Nigeria is losing at least $10 billion annually due to a lack of transparency and accountability in public contracts procurement, a new report by Agora Policy, an Abuja-based think tank has said. According to the report, Nigeria’s current public procurement practices established a significant correlation between weak public procurement procedures and corruption and its associated consequences such as poverty, infrastructural deficits and underdevelopment. “The assessment put the government’s revenue loss to underhanded transactions at 60 percent, averaging US$10 billion annually,” the report said. Agora Policy identified inflation of contract costs, absence of procurement plans, poor project prioritisation, poor budgeting processes, lack of competition and manipulations of procurements in Nigeria’s contract award processes.
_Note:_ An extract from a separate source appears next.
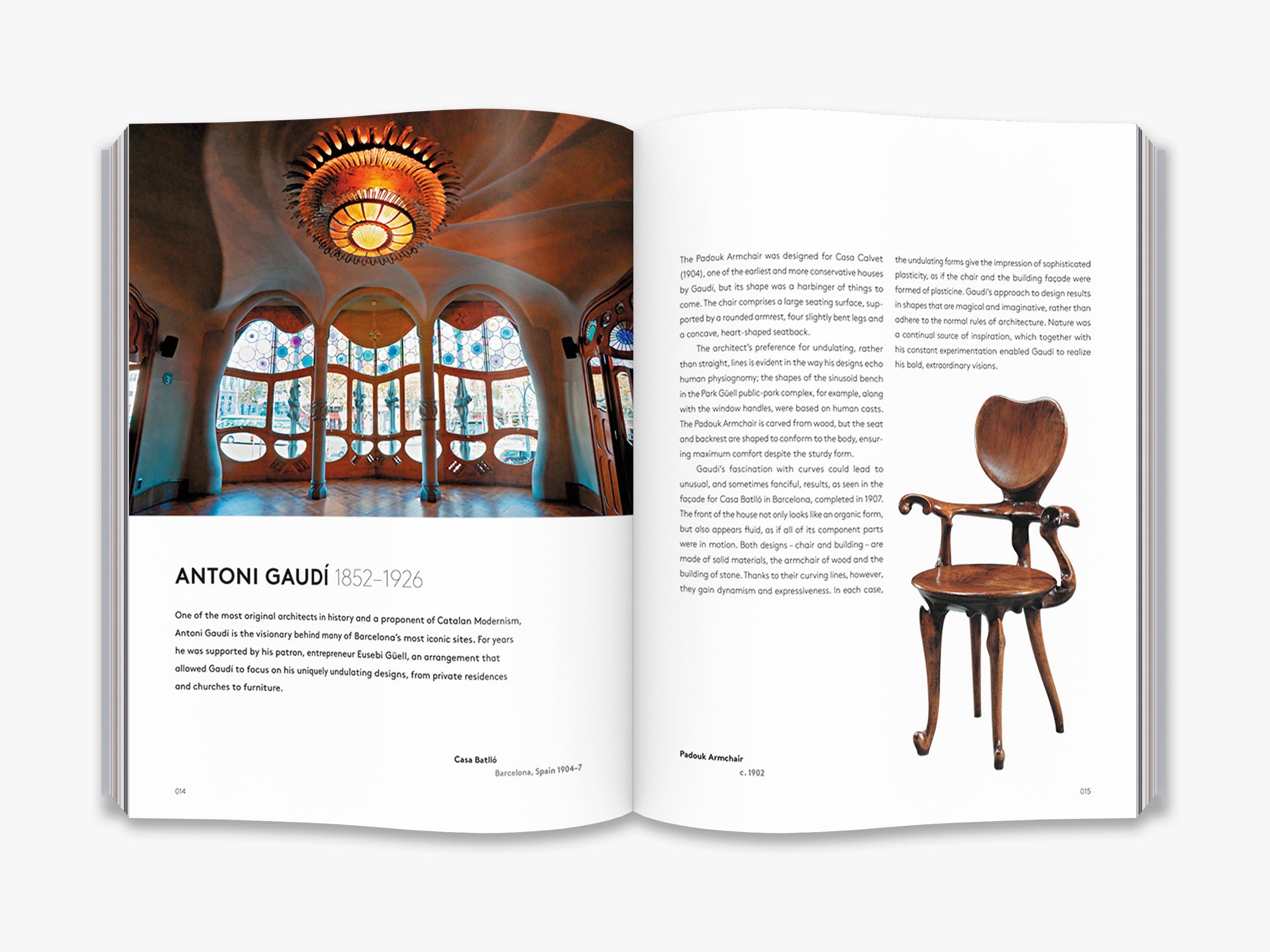 Modern Designer Chairs by Leading Architects - Stylish & Ergonomic Seating for Home, Office & Lounge Spaces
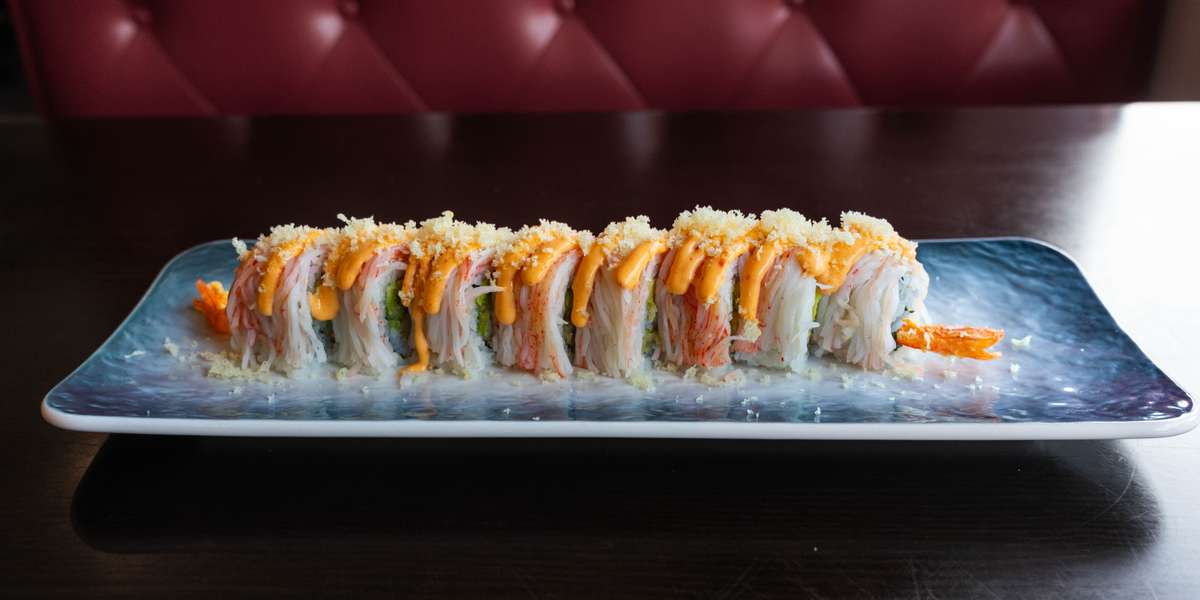 Izu Sushi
The Federal Government will impose a $49 million (₦22 billion) fine on oil and gas firms operating onshore for flaring 24 billion Standard Cubic Feet (SCF) of gas valued at about ₦40 billion ($86 million) between January and February 2023. According to the latest gas flare data by the National Oil Spill Detection and Response Agency (NOSDRA), the companies operating onshore will pay the penalties for violating the gas flaring rule. The report said companies flared 19.14 billion SCF of gas in January and 14.04 billion SCF of gas in February 2023, contributing 1.3 million tonnes of carbon dioxide emission, with a power generation potential of 2,500 gigawatts hours. On the other hand, companies operating offshore flared 25.8 billion SCF of gas valued at $90 million; the equivalent of 1.4 million tonnes of carbon dioxide emission and capable of generating 2,600 gigawatts hours of electricity.
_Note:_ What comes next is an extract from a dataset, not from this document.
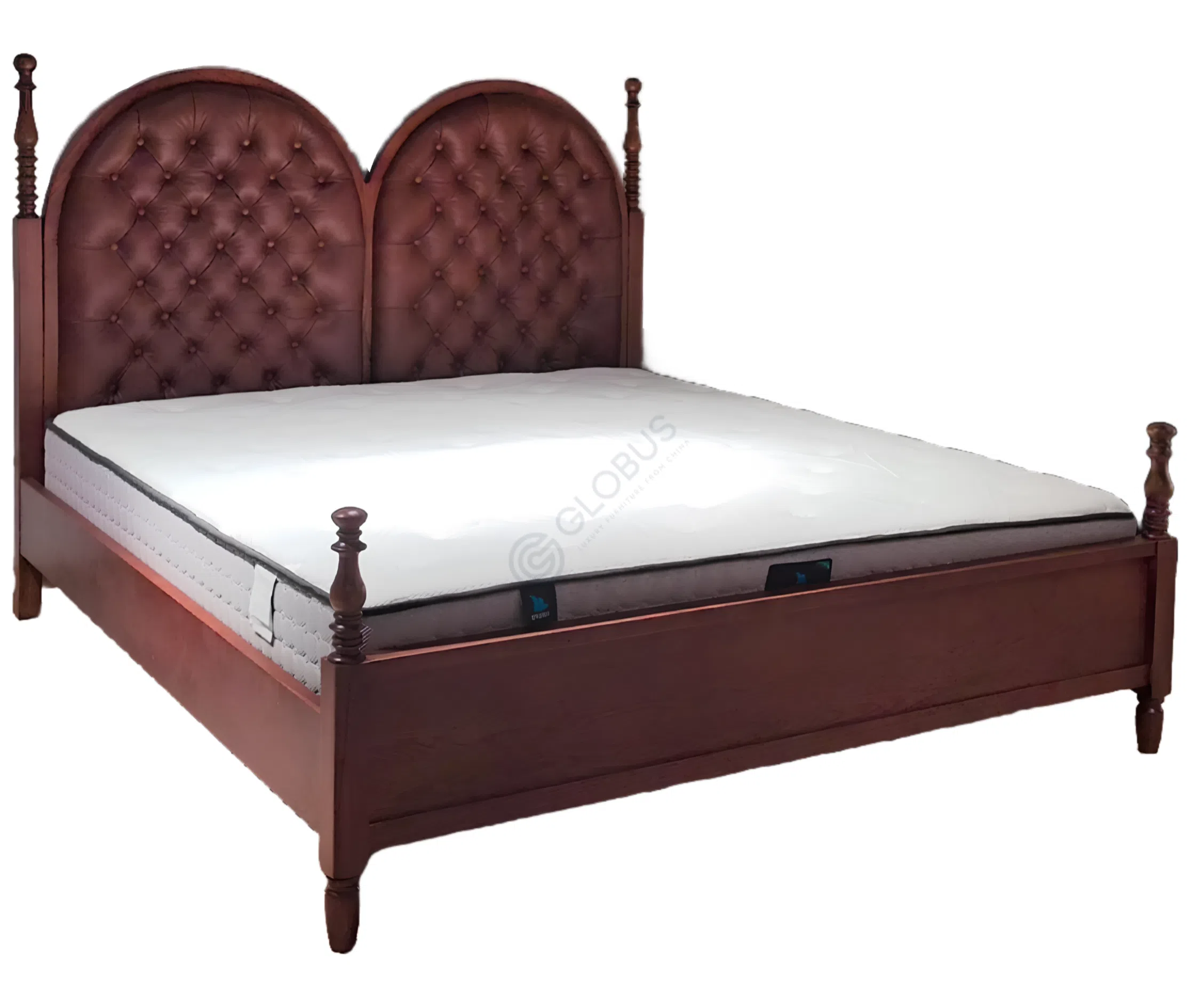 Кровать Vesprose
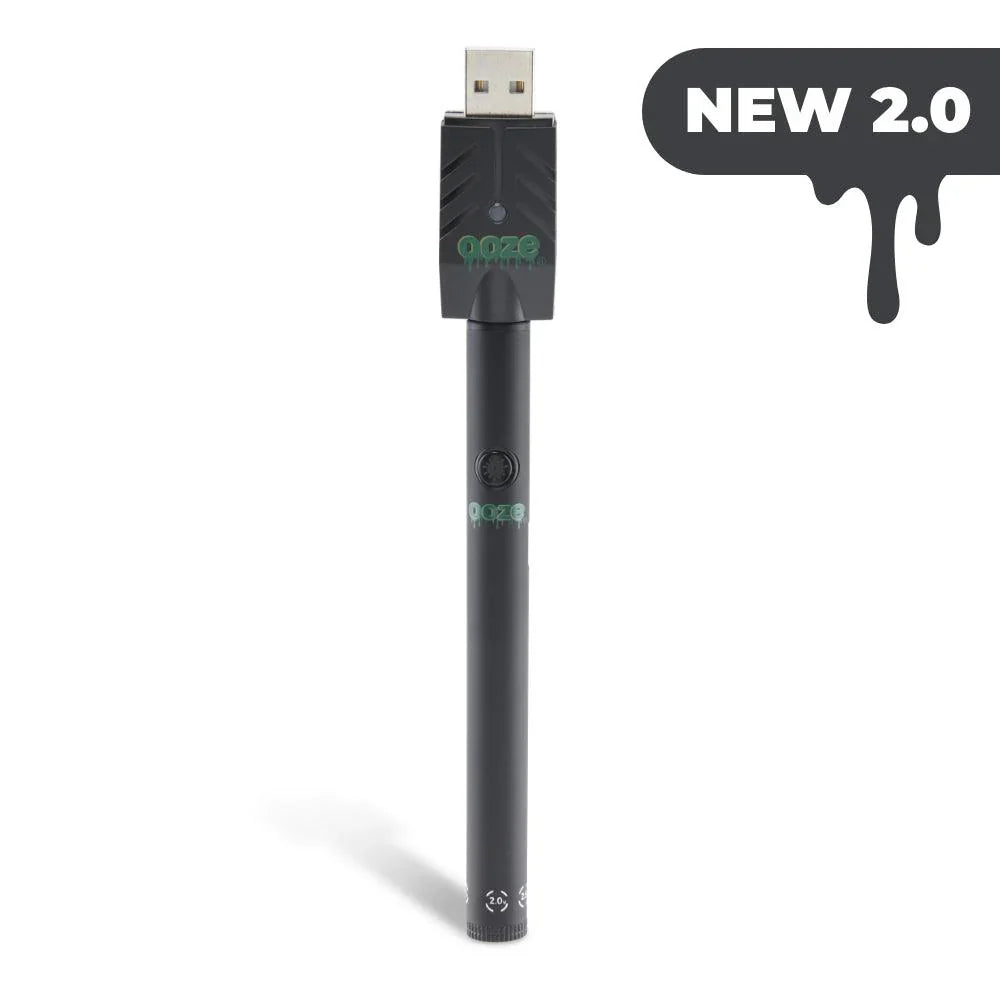 Ooze - Slim Twist 2.0 - 510 Battery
Ghana is the Sub-Saharan African country with the highest electricity access rate. According to the World Bank’s April 2023 Africa Pulse Report, the country had an 81 percent access to electricity rate in 2021, beating such African powerhouses as South Africa, Kenya and Nigeria. In 2015, the country’s access to electricity in Africa stood at about 75 percent, which still placed it number one on the continent. The World Bank’s Africa Pulse Report pointed out that the COVID-19 pandemic has had a sharp, adverse effect on access to electricity, adding, the pandemic eroded gains made in the preceding five years. Meanwhile, Côte d’Ivoire and Kenya were ranked second and third respectively in Sub-Saharan Africa with the biggest electricity access rate. Nigeria ranks fifth. 
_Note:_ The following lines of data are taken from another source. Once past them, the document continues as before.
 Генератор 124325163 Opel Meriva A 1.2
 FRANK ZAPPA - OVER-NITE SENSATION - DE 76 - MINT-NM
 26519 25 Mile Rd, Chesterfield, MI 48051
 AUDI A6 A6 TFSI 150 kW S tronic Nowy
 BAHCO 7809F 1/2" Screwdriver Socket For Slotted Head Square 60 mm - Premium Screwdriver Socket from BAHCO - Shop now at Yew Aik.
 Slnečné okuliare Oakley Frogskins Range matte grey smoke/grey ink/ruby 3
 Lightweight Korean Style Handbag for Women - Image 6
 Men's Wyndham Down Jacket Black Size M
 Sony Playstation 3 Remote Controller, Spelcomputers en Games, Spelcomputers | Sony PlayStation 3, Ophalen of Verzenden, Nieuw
Kenya will not default on its debt repayment obligations, the president’s chief economic adviser said, as the government delayed payment of civil service salaries due to a cash squeeze caused by massive interest payments. Nairobi has no plans to go down that route, said David Ndii, the president’s adviser. “We are not insolvent. We can finance repayments. It is a significant sacrifice but we are actually able to pay,” Ndii told Citizen TV. He said default was a “very bad idea” since it would force the government to “spend the next three to four years in very protracted debt restructuring negotiations.” Annual interest payments on domestic debt alone have surged to 680 billion shillings ($5.09 billion) this year from 180 billion shillings nearly a decade ago when the debt binge started.